For workflows in jurisdictions with looser privacy regimes. Healthcare AI deployments outside the US, in countries with different regulatory frameworks, have different constraints. The local-SLM argument may still be the right one for cost reasons, but the privacy compulsion is jurisdiction-dependent.

For pilot deployments and early validation work where the volume doesn't justify the infrastructure investment, and where the practice has accepted the compliance risk of the pilot.

For everything else — the high-volume, PHI-touching, regulator-relevant clinical documentation work that constitutes the bulk of healthcare AI — the local-SLM case is overwhelming.

The pattern, at maximum strength

Avery NXR is a Next.js scaffolding tool. It is not a healthcare tool. The architectural pattern repeats, at its strongest.

Healthcare clinical documentation is the workload where the cost case is real, the privacy case is mandated by law, the regulatory case is intense, and the latency case is meaningful. Every dimension that favors local inference is present and strong.

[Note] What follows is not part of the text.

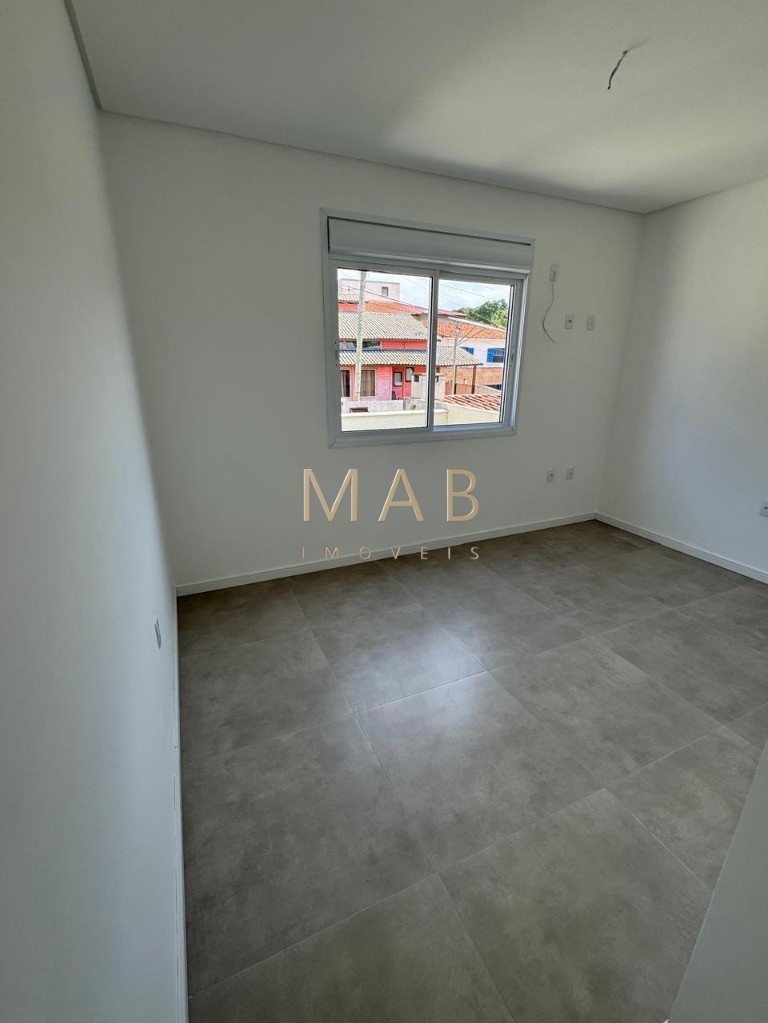 Imperdível casa de 3 quartos, 1 suíte, 2 salas, 2 banheiros, 2 vagas na cidade de Florianópolis-SC, bairro Ingleses do Rio Vermelho - 143m².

The healthcare AI vendors that build excellent vertical tools on local infrastructure — with appropriate fine-tuning, HIPAA-compliant deployment, audit-trail evidence — will own this category. The cloud-LLM-default products are operating on borrowed time. The architectural shift is not a question of if, but of when, and which vendors are ready when it happens.

We expect this shift to be relatively rapid in healthcare compared to other categories, because the regulatory clarity is sharper here than in most operational AI domains. HIPAA isn't ambiguous; the BAA constraints are well-understood; the financial and reputational penalties for compliance failures are explicit. The institutions that move to local inference first will be ahead on cost, ahead on privacy, and ahead on regulatory standing simultaneously.